John Boaz
A sensitive and poetic portrait of faith, devotion and human connection
John Boaz has an undeniable talent for capturing life with real attentiveness and sensitivity. His photographs possess an honesty and weightiness that force you to slow down and truly take time to understand the lives which play out in these stunning compositions.
It’s only in the past year that John has really developed the quiet poeticism that floods his work, and it began with making the switch to shooting on medium format film. “It completely changed the way I approached making images,” he tells us. “I started to slow right down as I really had to concentrate on getting things like the light reading and focus correct.” In turn, the meticulous consideration required for creating each image naturally drew John closer to the people and places he studied through the lens. “I began to engage more with my subject and reflect more on what it was I was trying to express,” he reflects. “Shooting on film profoundly changed the way I approached photography and led me to explore more narrative, documentary and portrait work focusing on people and life.”
In his latest project, ‘Our Father’, the poetic sensibilities that define John’s work shine through in what is a tender and reflective exploration of faith, devotion and human connection. It’s a project close to John’s heart, finding its roots in his unconventional childhood, growing up in a modern evangelical Christian community. “I lived in a big house with many other families and people, sharing life together whilst practising our faith,” he explains. “It was a very interesting and unusual upbringing, a mixed bag of beautiful and defining moments but also painful and hard moments, just like life is in any circumstance.”
But it was John’s drift away from his faith at the age of 15, and subsequent return three years later, that really drives this project. “I found a lot of healing and peace in that,” he explains, “and it changed my life.” Wanting to explore this deeply personal process from a different perspective, John visited Catholic and Anglican monasteries from across the UK, his relationship to them as foreign yet familiar places providing the new viewpoint he desired.

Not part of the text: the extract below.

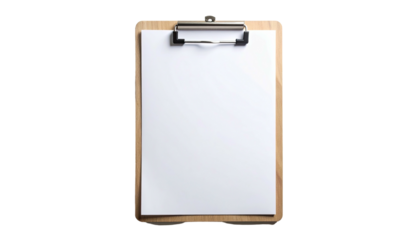 Wooden clipboard with blank white paper, isolated on a solid black background, top view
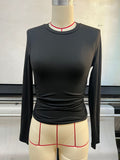 2025 european and american autumn/winter new arrivals: amazon cross-border round neck long sleeve t-shirt, slim fit solid color base layer top for women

The resulting images embody the duality of John’s distanced yet intimate connection to these communities and act both as a visual documentation and a personal mediation on his own relationship with faith.
John is by no means done with this stunning and contemplative project, with ambitions to expand it further both in process and subject matter. “I want to explore ways that I can go deeper within the narratives and approach to documentation,” he tells us. “I also have the vision of taking it further than just Britain.” We can’t wait to see the results.